Retro Roy







Roy on the Radio

© Roy Forbes 1999-2019

Snap Crackle Pop
Notes for January 1st, 2003

Hour One

Artie Shaw - Softly, As In A Morning Sunrise (from the Bluebird 78) We started with a batch of morning songs, beginning with the great Artie Shaw and his Orchestra from an original Bluebird 78.

Jimmie Rodgers - Mule Skinner Blues (Blue Yodel #8) (from the RCA Victor album, ‘The Best Of The Legendary Jimmie Rodgers’) …and one of Jimmie’s classics. “..good mornin’, Captain…”

Charles Brown - Risin' Sun (from the Aladdin 78) Great Charles Brown morning tune.  78 courtesy of Nelson Becker of Nelson, B.C.

Bob Dylan - Pledging My Time (from the Columbia album ‘Blonde On Blonde’) Blonde on Blonde is a desert island classic for me.  The work is timeless. I can never hear this album too many times.

Diamond Joe White - Maybe In The Morning (from the Stony Plain 45) see label scan below.  Joe’s tune is from a Stony Plain 45.  As I recall, he wrote it for his daughter, Joline.

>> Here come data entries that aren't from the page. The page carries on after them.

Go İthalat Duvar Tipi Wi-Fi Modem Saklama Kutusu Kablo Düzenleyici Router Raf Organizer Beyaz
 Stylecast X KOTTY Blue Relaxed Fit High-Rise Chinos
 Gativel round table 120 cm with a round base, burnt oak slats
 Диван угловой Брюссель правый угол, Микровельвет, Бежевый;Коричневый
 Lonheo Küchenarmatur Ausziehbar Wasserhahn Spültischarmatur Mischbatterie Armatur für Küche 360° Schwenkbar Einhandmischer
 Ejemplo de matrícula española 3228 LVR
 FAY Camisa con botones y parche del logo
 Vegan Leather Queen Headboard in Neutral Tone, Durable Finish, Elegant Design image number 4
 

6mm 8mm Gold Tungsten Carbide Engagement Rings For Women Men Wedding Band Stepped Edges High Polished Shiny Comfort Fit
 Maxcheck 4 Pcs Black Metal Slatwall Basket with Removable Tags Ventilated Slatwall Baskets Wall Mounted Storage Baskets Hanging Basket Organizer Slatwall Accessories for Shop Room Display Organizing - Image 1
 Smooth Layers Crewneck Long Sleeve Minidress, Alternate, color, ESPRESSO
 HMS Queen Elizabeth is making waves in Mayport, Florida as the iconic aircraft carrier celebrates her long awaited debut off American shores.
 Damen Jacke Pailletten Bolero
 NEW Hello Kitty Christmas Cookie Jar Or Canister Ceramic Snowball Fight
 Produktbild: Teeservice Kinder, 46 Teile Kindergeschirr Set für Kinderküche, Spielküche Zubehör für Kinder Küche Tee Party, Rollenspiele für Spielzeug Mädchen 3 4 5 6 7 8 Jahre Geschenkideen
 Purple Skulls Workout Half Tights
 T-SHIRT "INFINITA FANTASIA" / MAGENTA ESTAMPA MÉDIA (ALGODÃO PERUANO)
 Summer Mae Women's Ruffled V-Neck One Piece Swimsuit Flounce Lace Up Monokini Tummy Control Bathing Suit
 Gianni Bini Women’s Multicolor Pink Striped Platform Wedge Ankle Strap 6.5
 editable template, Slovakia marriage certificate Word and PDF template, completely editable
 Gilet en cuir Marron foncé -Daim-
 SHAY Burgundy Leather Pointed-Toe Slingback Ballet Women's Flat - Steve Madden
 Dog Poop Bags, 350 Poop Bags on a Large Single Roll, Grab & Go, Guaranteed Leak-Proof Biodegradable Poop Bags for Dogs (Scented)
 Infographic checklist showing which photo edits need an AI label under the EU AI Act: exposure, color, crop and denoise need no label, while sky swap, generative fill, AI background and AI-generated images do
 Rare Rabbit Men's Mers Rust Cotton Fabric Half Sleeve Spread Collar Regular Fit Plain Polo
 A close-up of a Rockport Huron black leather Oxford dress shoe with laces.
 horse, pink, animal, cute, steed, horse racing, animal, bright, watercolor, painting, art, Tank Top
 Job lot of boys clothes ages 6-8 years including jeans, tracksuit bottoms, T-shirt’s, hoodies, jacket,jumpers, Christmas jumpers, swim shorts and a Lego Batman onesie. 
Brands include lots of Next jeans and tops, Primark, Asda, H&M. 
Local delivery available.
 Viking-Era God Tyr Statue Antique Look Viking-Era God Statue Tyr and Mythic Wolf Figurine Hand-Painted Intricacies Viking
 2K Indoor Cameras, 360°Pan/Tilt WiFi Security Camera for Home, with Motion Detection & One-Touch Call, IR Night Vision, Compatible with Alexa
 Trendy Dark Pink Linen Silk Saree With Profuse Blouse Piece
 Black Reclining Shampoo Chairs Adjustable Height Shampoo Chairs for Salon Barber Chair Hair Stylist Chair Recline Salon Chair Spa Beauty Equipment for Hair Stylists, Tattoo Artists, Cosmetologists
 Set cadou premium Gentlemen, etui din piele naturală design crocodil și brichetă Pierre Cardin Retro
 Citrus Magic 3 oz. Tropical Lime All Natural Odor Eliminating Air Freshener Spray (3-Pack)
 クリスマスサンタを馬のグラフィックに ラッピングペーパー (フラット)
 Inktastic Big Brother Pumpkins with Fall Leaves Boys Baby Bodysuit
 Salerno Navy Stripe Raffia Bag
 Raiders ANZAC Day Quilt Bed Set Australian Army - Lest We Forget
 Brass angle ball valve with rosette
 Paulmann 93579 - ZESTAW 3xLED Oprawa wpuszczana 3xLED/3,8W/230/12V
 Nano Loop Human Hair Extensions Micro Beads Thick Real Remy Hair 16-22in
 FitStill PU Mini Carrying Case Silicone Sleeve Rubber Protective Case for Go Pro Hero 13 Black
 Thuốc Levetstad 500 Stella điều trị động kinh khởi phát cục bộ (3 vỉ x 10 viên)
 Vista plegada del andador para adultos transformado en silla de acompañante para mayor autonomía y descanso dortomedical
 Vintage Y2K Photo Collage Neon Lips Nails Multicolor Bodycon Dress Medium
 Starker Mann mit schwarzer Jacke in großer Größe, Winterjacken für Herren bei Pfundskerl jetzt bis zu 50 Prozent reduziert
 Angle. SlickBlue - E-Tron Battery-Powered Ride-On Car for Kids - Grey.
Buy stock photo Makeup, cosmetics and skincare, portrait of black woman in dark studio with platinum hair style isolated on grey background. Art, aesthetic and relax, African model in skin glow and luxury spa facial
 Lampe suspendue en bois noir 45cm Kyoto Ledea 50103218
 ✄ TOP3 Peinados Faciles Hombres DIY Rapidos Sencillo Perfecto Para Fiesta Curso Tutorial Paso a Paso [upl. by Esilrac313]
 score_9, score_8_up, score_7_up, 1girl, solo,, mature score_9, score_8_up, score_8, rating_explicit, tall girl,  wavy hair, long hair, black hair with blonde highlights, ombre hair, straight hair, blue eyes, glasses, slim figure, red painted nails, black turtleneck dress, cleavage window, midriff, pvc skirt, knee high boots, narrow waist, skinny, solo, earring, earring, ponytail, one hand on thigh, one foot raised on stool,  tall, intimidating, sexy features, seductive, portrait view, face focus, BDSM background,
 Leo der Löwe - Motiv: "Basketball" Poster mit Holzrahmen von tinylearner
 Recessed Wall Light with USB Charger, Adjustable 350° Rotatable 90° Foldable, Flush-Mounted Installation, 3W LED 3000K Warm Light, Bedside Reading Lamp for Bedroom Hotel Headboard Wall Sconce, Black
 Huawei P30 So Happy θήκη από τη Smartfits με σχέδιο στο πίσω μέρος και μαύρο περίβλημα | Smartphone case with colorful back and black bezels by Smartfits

Next, Paul Grant brought in a batch of morning songs.

Kris Purdy – Morning Show Blues (from the CBC broadcast recording LP ‘Coast To Coast III’) CBC broadcaster, Kris Purdy, wrote this one about her Morning Show ‘fill in’ experiences. Recorded in Winnipeg, 1987. Produced by Ross Porter.

Ma Rainey - Morning Hour Blues (from the Milestone LP ‘Ma Rainey - Classic Jazz’) Recorded in Chicago in 1927, this cut features Blind Blake on guitar. Paul and I couldn’t resist quoting the Dylan line ...’Ma Rainey and Beethoven once unwrapped a bed roll, tuba players now rehearse around the flag pole…’. Go here for the full lyric.

Bonnie Dobson - Morning Dew (from the Rhino CD ‘Troubadours Of The Folk Era’) From the script: Hey Paul!  What’s that CD in your hand?!?! As you probably know, a lot of the records we play are hard to find.  However, a lot of great music is constantly being reissued on CD. CD reissue for this show is – Troubadours Of Folk Era Vol 1, Rhino Records. A great looking series. I want them all! It looks like none of Bonnie’s albums are currently in print. Gary Cristall has interviewed Bonnie for his upcoming book on Canadian folk music. Gary says she now lives in England - has since the early 70s.  Gets back to Ontario occasionally.  Has a whole new career in academic administration. Go to for info on Bonnie or on just about anything musical. A great resource for SCP research.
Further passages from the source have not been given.